Comparison to DUNE Sensitivity: This value is approximately one order of magnitude lower than the DUNE benchmark sensitivity of $9 \times 10^{-2} \, \text{TeV}^{-2}$ (corresponding to $\epsilon_{e\tau} < 0.012$ ).
Model Viability: Within the class of UV completions considered (scalars and/or fermions up to isodoublets), no viable candidate was found capable of explaining an anomaly at the DUNE benchmark level.
Role of Field Content:
- The best candidate (Model 289) involves a scalar $S$ and vector-like fermions $F_a, F_b$ .
- Tree-level matching contributes $\sim 99\%$ of the target coefficient, suggesting the vector-like fermions play a secondary role in the magnitude but are necessary for the specific operator structure.
- Minimal realizations with fewer free parameters (e.g., $k=2$ or $k=3$ non-null couplings) yield lower values ( $7.66 \times 10^{-3}$ and $9.52 \times 10^{-3} \, \text{TeV}^{-2}$ , respectively) compared to the full 13-parameter scan.
- The inclusion of additional couplings (e.g., $\lambda^{\phi q}_{Fb}$ ) helps enlarge the allowed parameter space for the primary couplings, slightly increasing the achievable $C_{target}$ .
Constraints: The target coefficient is poorly constrained by current individual bounds, but global fits (specifically referencing [37]) impose a bound of $C^{(1)}_{\ell q, 1311} < 1.4 \times 10^{-2} \, \text{TeV}^{-2}$ , which is close to the maximum value achievable by the best UV model found.

Significance and Claims
The paper claims to provide a general, automated pipeline for connecting potential future experimental anomalies (parametrized as SMEFT Wilson coefficients) to their underlying UV completions. The primary conclusion is modest but significant: if DUNE were to observe an anomaly corresponding to the current projected sensitivity for $C^{(1)}_{\ell q, 1311}$ , it would not be explainable by standard BSM scenarios involving new scalars or fermions up to isodoublet representations.

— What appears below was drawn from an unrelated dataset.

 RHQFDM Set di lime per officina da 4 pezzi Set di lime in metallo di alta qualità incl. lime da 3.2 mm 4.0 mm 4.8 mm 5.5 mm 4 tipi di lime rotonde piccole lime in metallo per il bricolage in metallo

The authors state that such a discovery would necessitate invoking more exotic UV completions beyond the scope of the models surveyed. The work serves as a "no-go" result for the specific class of models tested, setting the stage for future investigations into more complex representations if a genuine anomaly is observed. The pipeline itself is presented as a tool applicable to any BSM signal parametrized by SMEFT Wilson coefficients, not limited to DUNE or the specific coefficient analyzed.